다중 안테나 통신 시스템을 위한 저복잡도 채널 전처리 프로세서

  • Hwang, You-Sun (School of Electronics, Telecommunication and Computer Eng., Korea Aerospace University) ;
  • Jang, Soo-Hyun (School of Electronics, Telecommunication and Computer Eng., Korea Aerospace University) ;
  • Han, Chul-Hee (Samsung Thales, Co. Ltd.) ;
  • Choi, Sung-Nam (Samsung Thales, Co. Ltd.) ;
  • Jung, Yun-Ho (School of Electronics, Telecommunication and Computer Eng., Korea Aerospace University)
  • 황유선 (한국항공대학교 항공전자 및 정보통신 공학부) ;
  • 장수현 (한국항공대학교 항공전자 및 정보통신 공학부) ;
  • 한철희 (삼성탈레스(주)) ;
  • 최성남 (삼성탈레스(주)) ;
  • 정윤호 (한국항공대학교 항공전자 및 정보통신 공학부)
  • Received : 2011.02.18
  • Accepted : 2011.04.30
  • Published : 2011.04.30

Abstract

In this paper, the channel preprocessor with an area-efficient architecture is proposed for the MIMO symbol detector which can support four transmit and receive antennas. The proposed channel preprocessor can shrink the channel dimension to reduce the hardware complexity of the MIMO symbol detector. Also, the proposed channel preprocessor is implemented with very low complexity by using QR decomposition (QRD) and log-number system (LNS). By applying QRD and LNS to the nulling matrix calculation block, the numbers of matrix-multiplications and matrix-divisions are decreased and thus the complexity of the proposed channel preprocessor is significantly reduced.
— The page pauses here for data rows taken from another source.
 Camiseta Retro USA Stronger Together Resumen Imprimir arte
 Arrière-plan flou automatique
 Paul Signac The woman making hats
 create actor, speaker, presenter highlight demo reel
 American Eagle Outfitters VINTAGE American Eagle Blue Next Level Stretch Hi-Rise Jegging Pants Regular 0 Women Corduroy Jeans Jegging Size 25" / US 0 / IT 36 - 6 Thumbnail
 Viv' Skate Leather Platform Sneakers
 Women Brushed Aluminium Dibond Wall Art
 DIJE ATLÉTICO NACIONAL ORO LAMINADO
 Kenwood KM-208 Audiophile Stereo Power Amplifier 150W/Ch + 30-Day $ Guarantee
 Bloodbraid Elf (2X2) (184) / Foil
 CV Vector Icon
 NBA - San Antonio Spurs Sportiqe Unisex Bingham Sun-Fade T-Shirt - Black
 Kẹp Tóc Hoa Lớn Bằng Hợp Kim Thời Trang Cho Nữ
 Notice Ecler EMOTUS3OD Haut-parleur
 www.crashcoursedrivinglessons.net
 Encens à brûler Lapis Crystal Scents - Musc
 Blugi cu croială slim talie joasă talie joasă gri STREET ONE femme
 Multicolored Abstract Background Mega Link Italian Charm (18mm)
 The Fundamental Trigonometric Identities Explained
The proposed channel preprocessor was designed in a hardware description language (HDL) and synthesized to gate-level circuits using 0.13um CMOS standard cell library. With the proposed channel preprocessor, the number of logic gates for channel preprocessor is reduced by 20.2% compared with the conventional architecture.

Acknowledgement

Supported by : 한국연구재단

References

  1. A. F. Naguib, N. Seshadri, and A. R. Calderbank, "Increasing data rate over wireless channel," IEEE Signal Process. Mag., vol. 17, no. 2, pp. 744-765, Mar. 1998.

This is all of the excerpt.